------ Dataset content ------
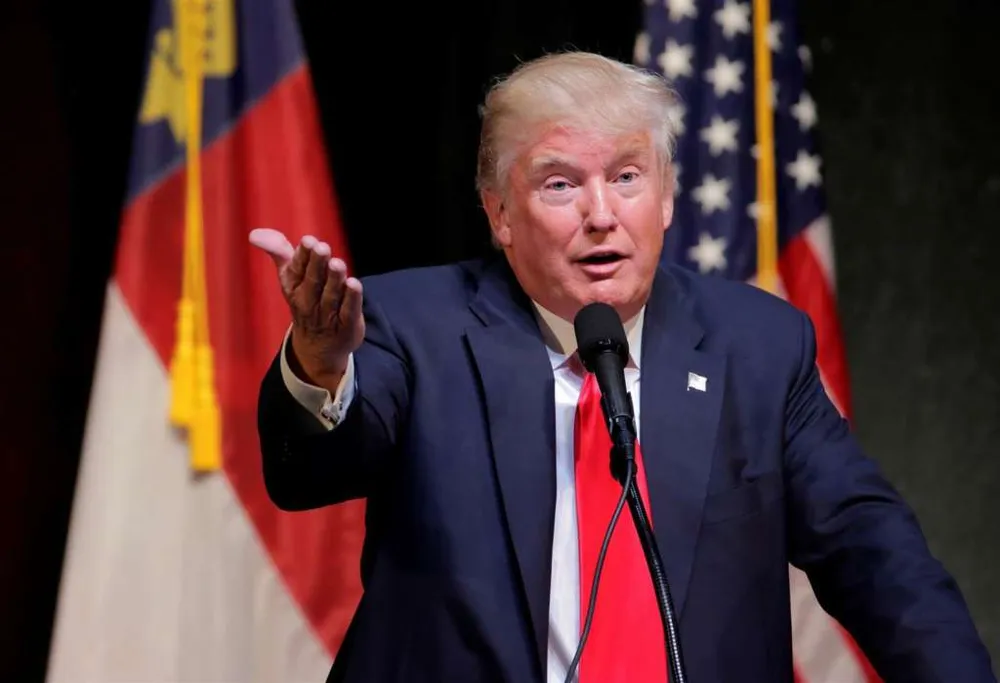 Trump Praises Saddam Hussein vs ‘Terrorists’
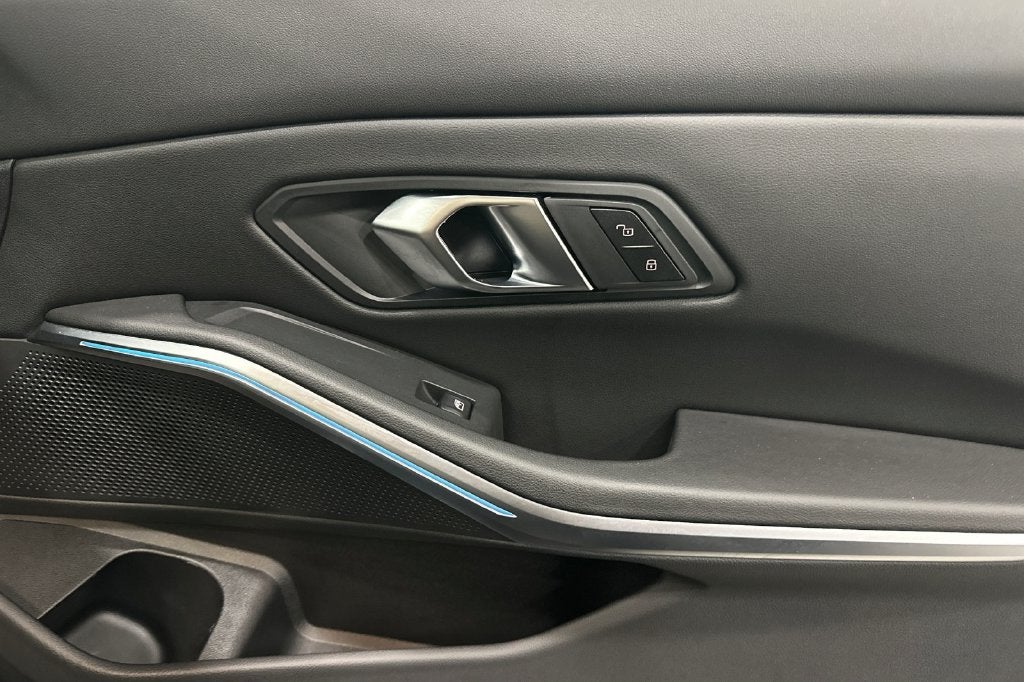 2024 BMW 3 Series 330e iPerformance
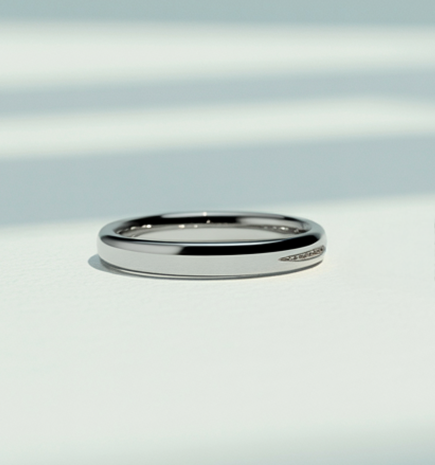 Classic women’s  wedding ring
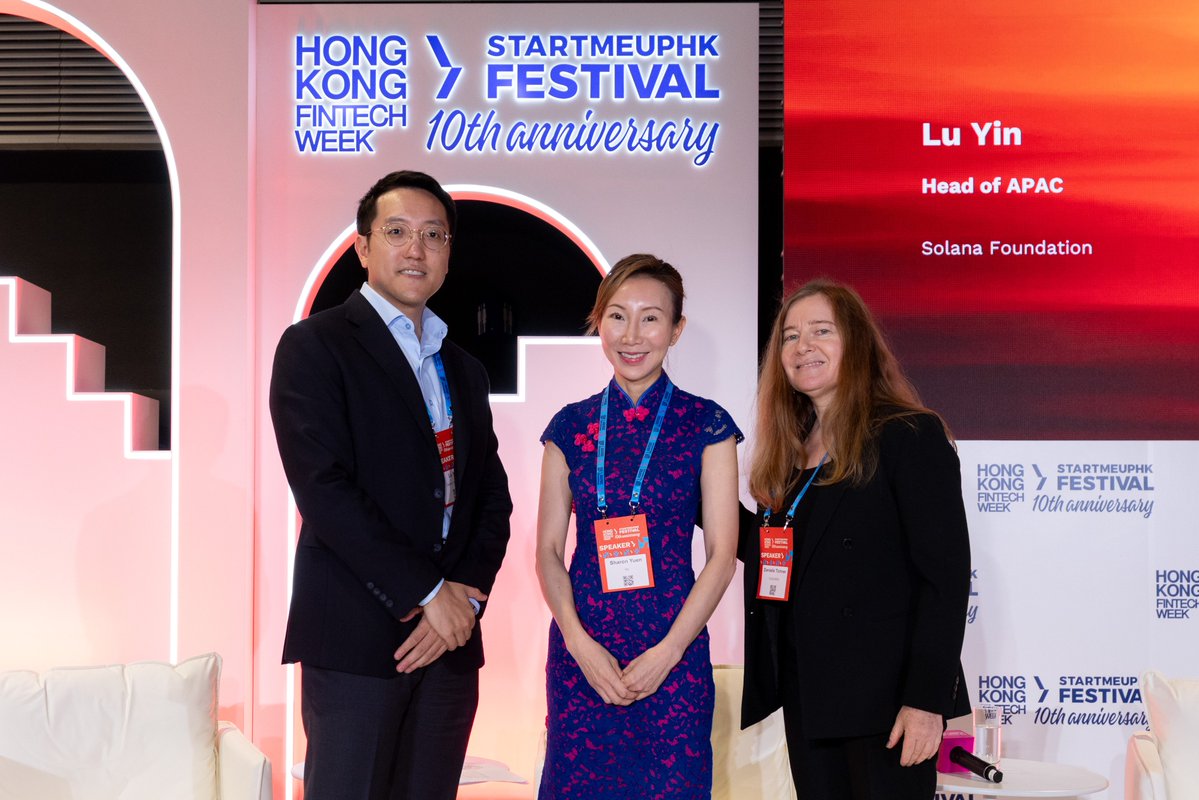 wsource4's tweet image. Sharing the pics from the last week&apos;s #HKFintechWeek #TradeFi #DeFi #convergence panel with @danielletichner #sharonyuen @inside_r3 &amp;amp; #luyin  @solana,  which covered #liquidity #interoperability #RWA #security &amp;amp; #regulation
------
**What the task asks**: Once the pictures are removed, copy the listing exactly.

**Solution to this exercise**:
 Trump Praises Saddam Hussein vs ‘Terrorists’
 2024 BMW 3 Series 330e iPerformance
 Classic women’s  wedding ring
 wsource4's tweet image. Sharing the pics from the last week&apos;s #HKFintechWeek #TradeFi #DeFi #convergence panel with @danielletichner #sharonyuen @inside_r3 &amp;amp; #luyin  @solana,  which covered #liquidity #interoperability #RWA #security &amp;amp; #regulation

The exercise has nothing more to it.